Advisor: Alison Landsberg, PhD, Department of History and Art History

Committee Members: Michele Greet, Alexander Monea

Enterprise Hall, #318
March 03, 2020, 02:00 PM to 04:00 PM

Abstract:

Tracing the development of Google’s Arts & Culture platform from its 2011 inception as the Art Project to its 2017 form, this project addresses Google’s evolving endeavor to archive culture online at a moment when the institution of the museum is in crisis. Arts & Culture is an online platform established by the Google Cultural Institute that serves as an archive hosting digitized images of 6 million objects housed by over 1,200 institution and museum partners that are distributed across more than 70 countries.
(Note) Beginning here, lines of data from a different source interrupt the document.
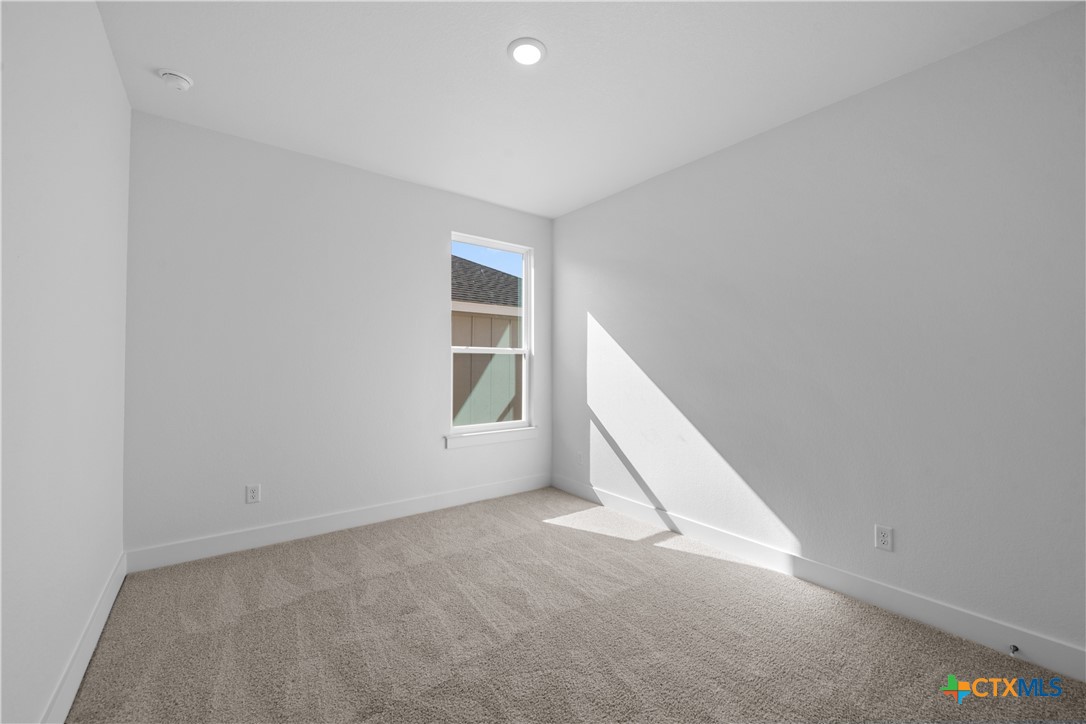 417 Mustang Loop Property Photo 11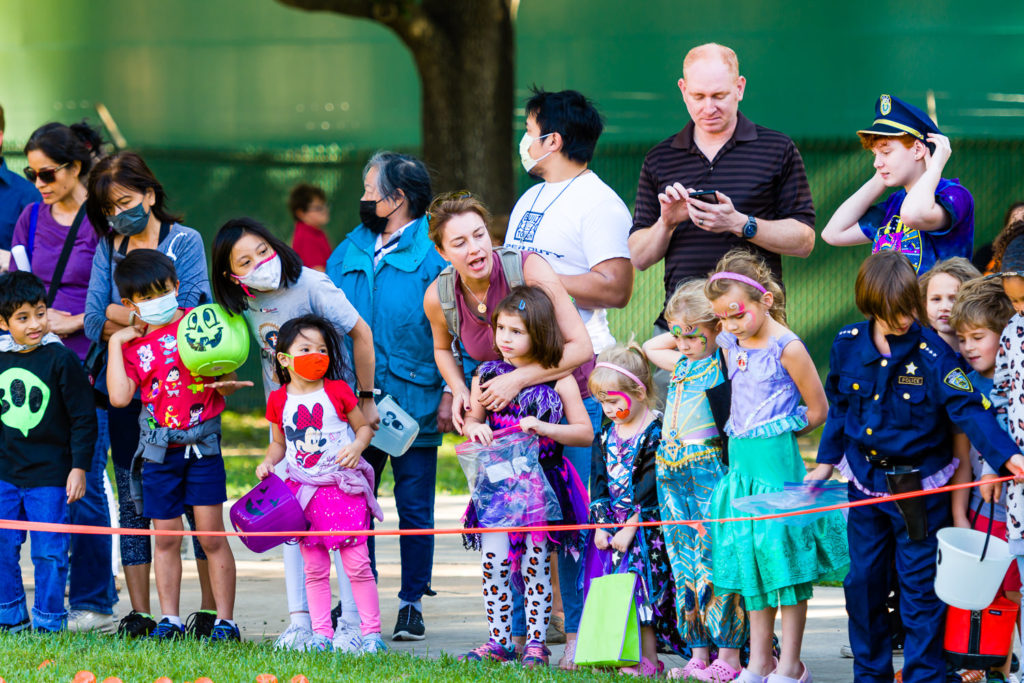 3182-Bellaire-PumpkinHunt-046.NEF  Houston Commercial Architectural Photographer Dee Zunker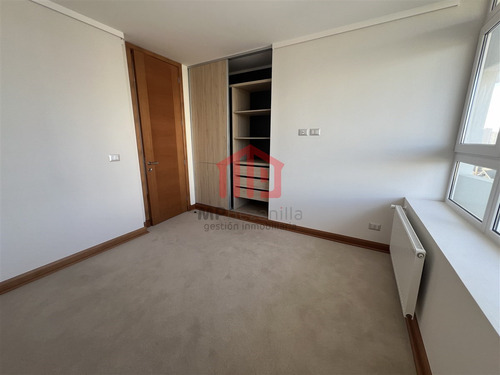 Depto De Lujo En Arriendo 2 Estac. - Sector La Foresta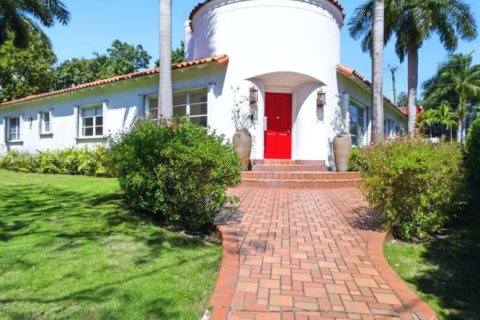 Villa ou maison à vendre à Miami, Floride: 4 chambres, 328.78 m2 № 2282871 - photo 10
In its description of the platform, Google presents itself as benevolent producer of a redemptive technology that offers unprecedented access to works of art and cultural objects around the globe. Yet despite the potential for reimagining and democratizing the museum, Arts & Culture ultimately reproduces and reinforces many problematic aspects of the museum, including Western-centrism, a lack of representation, and elitism. Further, with Google’s near hegemonic control over the Internet search engine market, this platform serves as a prime forum for the extension of their brand. Case studies detailing the Arts & Culture app’s selfie match feature and the development of the themed initiative We Wear Culture further elaborate why Arts & Culture must also be understood as a mechanism for the dissemination of capitalist ideology and the collection of  user data, and as an extension of surveillance capitalism.